CS 6241: Numerics for Data Science
Graph clustering and partitioning
From semi-supervised to unsupervised
In the last lecture, we discussed the use of graphs for semi-supervised learning tasks in which we are given labels on some nodes and want to find other nodes. In this lecture, we turn to the unsupervised task of interpreting the graph structure without the benefit of auxiliary data such as class labels. Specifically, we consider the closely related tasks of graph partitioning, graph clustering, graph embedding, and nonlinear manifold learning.
Graph bisection
We begin with a discussion of spectral graph partitioning. In the simplest setting, we are given an unweighted graph, and we want to bisect the graph: that is, we seek \(\mathcal{V}= \mathcal{V}^+ \cup \mathcal{V}^-\) disjoint with \(|\mathcal{V}^+| = |\mathcal{V}^-|\) so that there are as few edges as possible connecting \(\mathcal{V}^+\) to \(\mathcal{V}^-\). There are several reasons we might want to solve this problem:
For data analysis, we might want assign one of two class labels to every graph node based on a similarity measure encoded through the graph. However, we want to rule out the trivial solution where all nodes are assigned to the same class. In the semi-supervised problem from last class, we avoided this case with the help of labeled training examples. In the unsupervised setting, we use class size constraints toward the same end.
As we saw at the end of last lecture, in nested dissection ordering methods for solving linear systems, we want to recursively find small vertex separators that partition the graph into roughly equal size pieces. Of course, we have posed the problem in terms of finding good edge separators for a graph, but some of the same ideas apply to both problems. Also, we can construct vertex separators from edge separators by taking an endpoint for each cut edge.

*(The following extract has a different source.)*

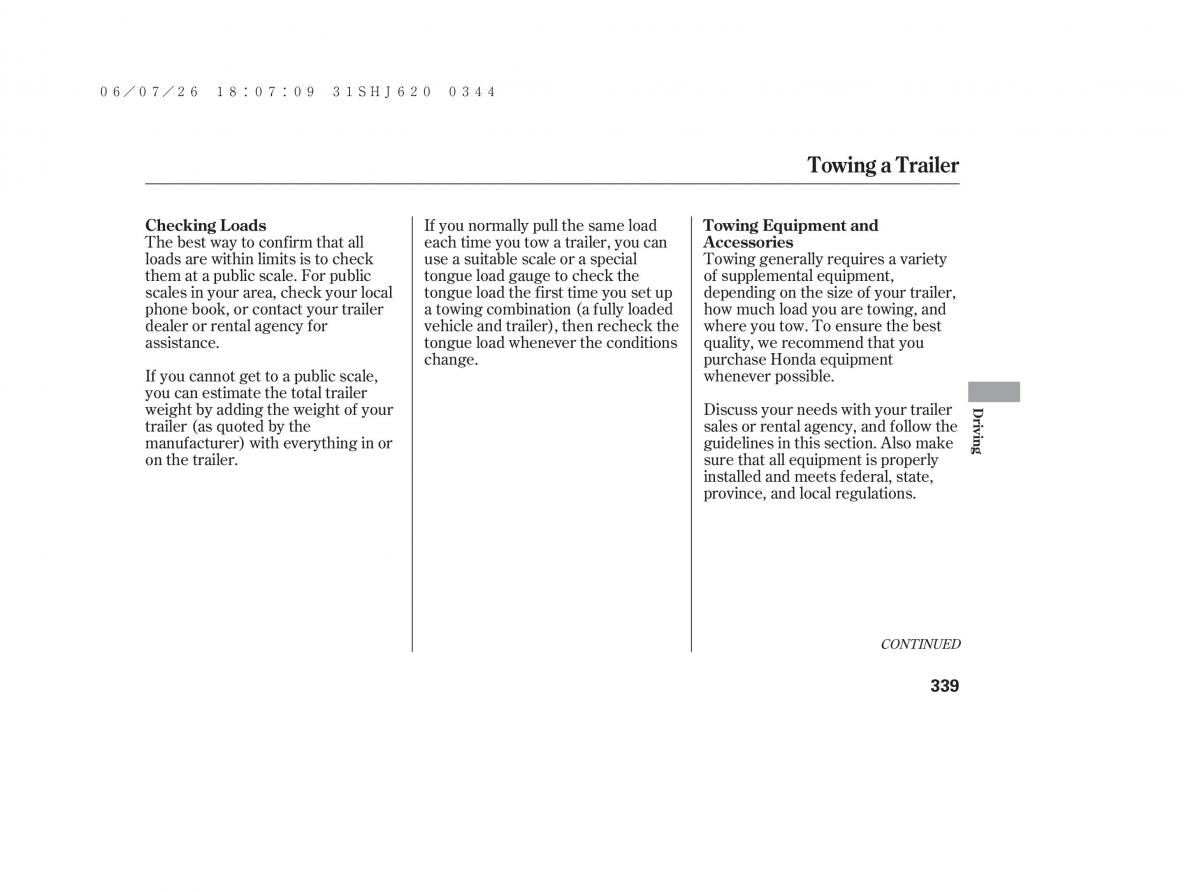 Honda Odyssey III 3 owners manual / page 345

In static load balancing problems in parallel computing, we sometimes want to distribute work (represented by nodes) to two processors in an equitable way while ensuring that the interprocessor communication (represented by cut edges) is as small as possible.

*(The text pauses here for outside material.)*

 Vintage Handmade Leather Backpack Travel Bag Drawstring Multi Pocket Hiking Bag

In each of these cases, we may ultimately want more than two pieces, or we may want a more refined notion of the partition quality than the one we have considered. But this is a good starting point nonetheless.
We can encode the basic problem in matrix terms via the graph Laplacian. Let \(x = \{ \pm 1 \}^n\) be an indicator for a partitioning; then \[\begin{aligned} e^T x &= \sum_i x_i &&= |\mathcal{V}^+|-|\mathcal{V}^-|, \\ x^T L x &= \sum_{(i,j) \in \mathcal{E}} (x_i-x_j)^2 &&= 4 \times (\mbox{edges between } \mathcal{V}^+ \mbox{ and } \mathcal{V}^-), \end{aligned}\] and the basic graph bisection problem is \[\mbox{minimize} \frac{1}{4} x^T L x \mbox{ over } x \in \{\pm 1\}^n \mbox{ s.t.~} e^T x = 0.\] This is a classic NP-hard problem, but there is an easy relaxation where we replace the constraint \(x \in \{ \pm 1 \}^n\) with \(x \in \mathbb{R}^n\) such that \(\|x\|_2^2 = n\). In this case, we have a quadratically constrained quadratic program for \(x\); and as we have seen, such optimization problems can often be rewritten in terms of eigenvalue problems. Of course, in addition to the quadratic constraint \(\|x\|_2^2 = n\), we have the linear constraint \(e^T x = 0\). If we recognize that \(Le = 0\), we can see this as the standard optimization formulation for (one quarter) the second-smallest eigenvalue1 of the graph Laplacian and associated eigenvector \(x\) of the graph Laplacian, with a particular normalization for \(x\). This vector is sometimes called the Fiedler vector.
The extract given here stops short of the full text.